Tel Aviv (agencies)
Yesterday, the UAE Embassy in Tel Aviv condemned the terrorist attacks in the State of Israel, and expressed its sincere condolences to the families of the deceased as a result of the attack, as well as to the injured and their families, wishing them a speedy recovery.
This came as Israelis mourned yesterday two of the dead in a gun attack carried out by a Palestinian from the West Bank in a suburb near Tel Aviv, while Prime Minister Naftali Bennett warned of a “wave of deadly Arab terrorism.”

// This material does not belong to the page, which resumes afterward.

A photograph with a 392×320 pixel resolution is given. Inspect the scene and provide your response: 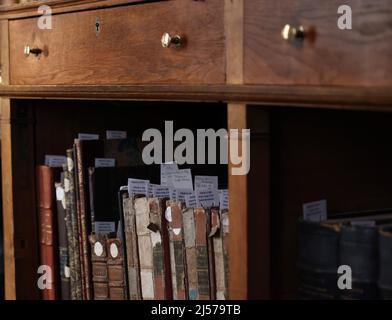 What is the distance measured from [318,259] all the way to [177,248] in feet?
1.26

The number of victims in the three attacks in Israel within a week rose to 11, including two Ukrainians, a policewoman with French and Israeli citizenship, and an Arab Christian policeman.
Yesterday evening, the Bnei Brak suburb of Tel Aviv was the scene of an attack that killed four civilians and a policeman.
“The pain is great,” Bennett, who met the security cabinet yesterday, said in a tweet.
And he posted in a previous tweet that followed the attack: “Israel is facing a wave of deadly Arab terrorism.”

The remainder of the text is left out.